Construction of Segment Tree

  1. Recursive Construction: Starting from the root node, recursively create left and right subtrees until the interval length becomes 1, at which point the leaf node value is set.
  2. Node Value Calculation: The value of a non-leaf node is aggregated from the values of its left and right child nodes (e.g., for summation, parent node value = left child value + right child value).
  3. Time Complexity: Constructing the tree requires initializing all nodes. There are approximately 2n nodes (actually 2n-1), so the construction time is O(n).

Range Query Operation

  1. Query Process: When querying the sum of interval [L, R], start from the root node recursively:
    • If the current node's interval is completely within [L, R], directly return the aggregated value stored in that node.
    • If the current node's interval does not overlap with [L, R], return 0 (for summation).
    • If the current node's interval partially overlaps with [L, R], recursively query the left and right subtrees and merge the results (e.g., add them for summation).
  2. Example: Query the sum of [1,4] (i.e., 3+5+7+9=24):
    • The root node [0,5] partially overlaps, so query both subtrees.
    • Left subtree [0,2]: Interval [1,4] partially overlaps with [0,2], continue recursion. Its right subtree [1,2] is completely within [1,4], returning 3+5=8.
    • Right subtree [3,5]: Interval [3,4] is completely within [3,5], returning 7+9=16.
    • Merge results: 8+16=24.
  3. Efficiency: Each query traverses at most two paths of the tree with a depth of O(log n), so the time complexity is O(log n).

Range Update Operation

  1. Lazy Propagation: Directly updating each leaf node is inefficient (O(n)). Introduce lazy tags (Lazy Tags):
    • When updating interval [L, R], if the current node's interval is completely within [L, R], update the node's value and set a lazy tag (indicating that child nodes need to be updated later).
    • During querying or updating, if the current node has a lazy tag, first push the tag down to its child nodes (update child node values and tags), then clear the current tag.
  2. Update Steps:
    • Check the overlap between the current node's interval and the update interval (similar to querying).
    • If completely within, update the node's value and set a lazy tag.
    • If partially overlapping, first push down the lazy tag (if needed), then recursively update the left and right subtrees, and finally update the current node's value (based on the new values of child nodes).
  3. Example: Add 2 to each element in interval [1,3]:
    • Root node [0,5] partially overlaps, push down tag (no operation), recursively update left and right subtrees.
    • Left subtree [0,2]: Partially overlaps. After recursion, update its right subtree [1,2] (completely within), increase node value by (2+2)*2=8 (interval length 2, each element increased by 2), and set a lazy tag.
    • Right subtree [3,5]: Partially overlaps. Recursively update its left subtree [3,3] (completely within), increase node value by 2, and set a tag.
    • Backtrack to update the root node value.
  4. Time Complexity: With lazy propagation, update operations are also optimized to O(log n).
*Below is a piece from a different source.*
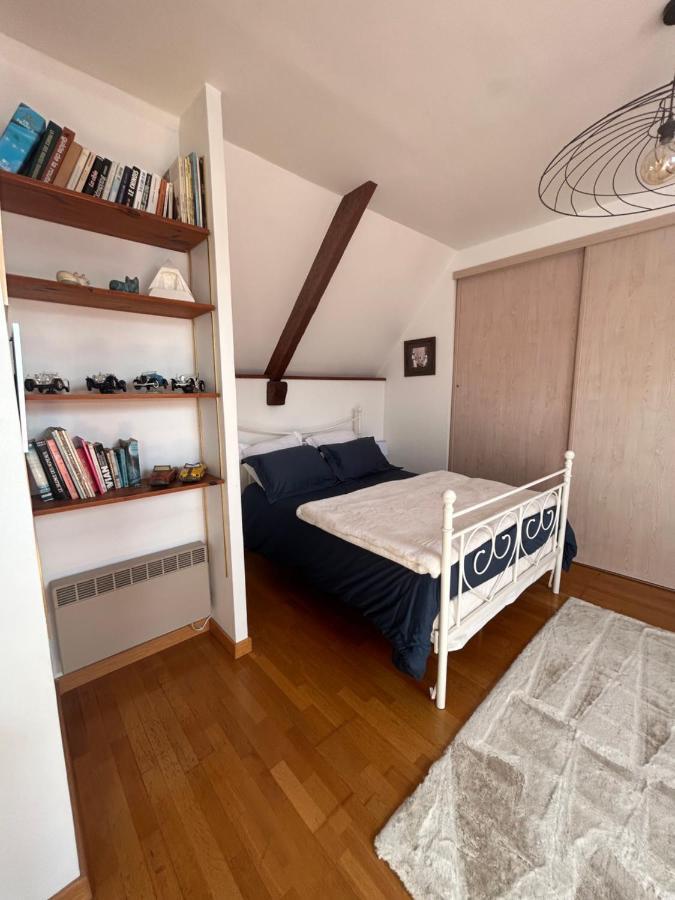 Les Pieux La Maisonnette מראה חיצוני תמונה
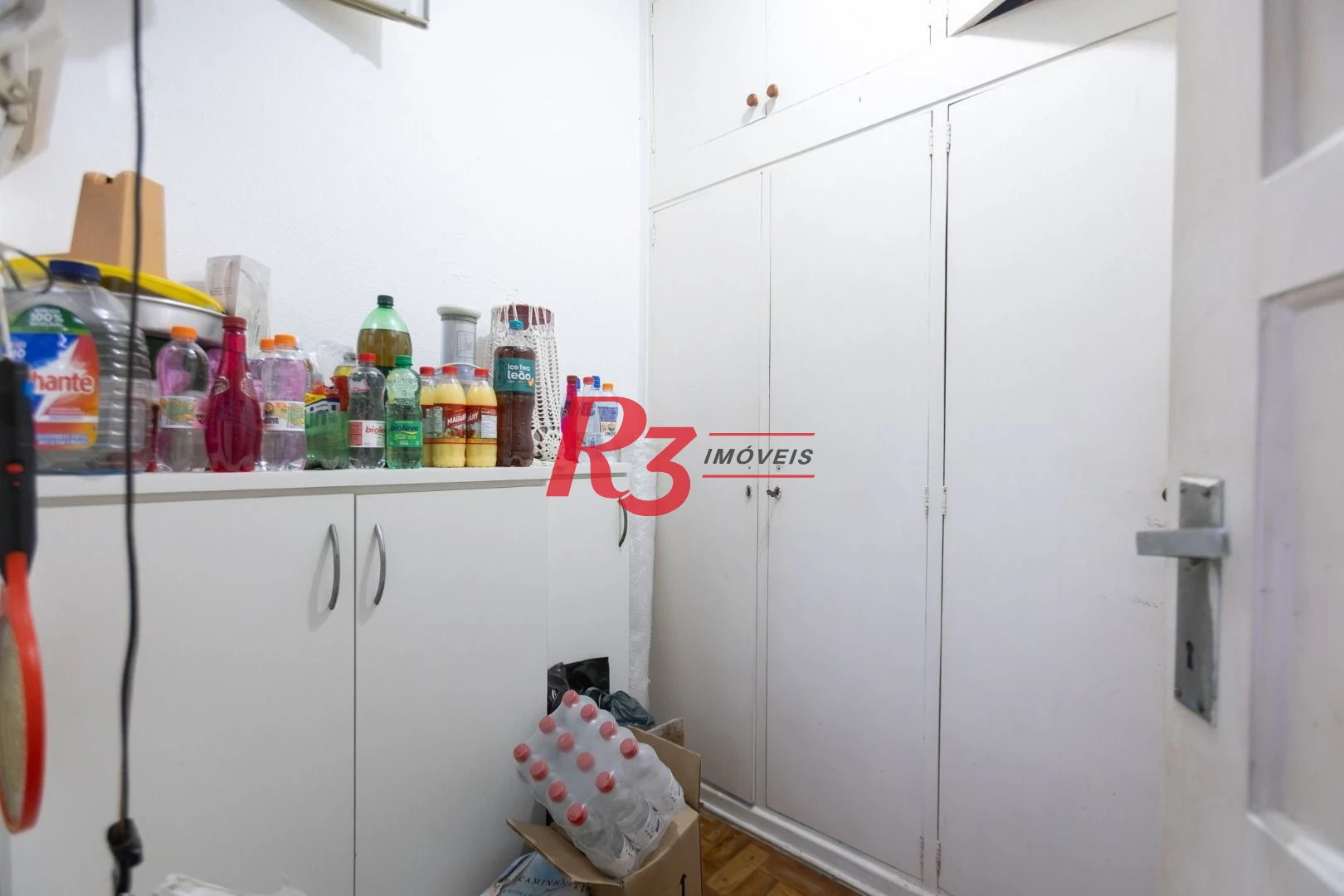 Apartamento à venda, 85 m² por R$ 600.000,00 - Gonzaga - Santos/SP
Application Scenarios and Variants

  • Segment trees are suitable for problems like interval summation, interval maximum/minimum, interval assignment, etc.
  • Variants include: two-dimensional segment trees (for matrix handling), persistent segment trees (supporting historical version queries), etc.

Through segment trees, both range query and update operations are optimized to logarithmic time complexity, making them one of the core data structures for solving interval-based problems.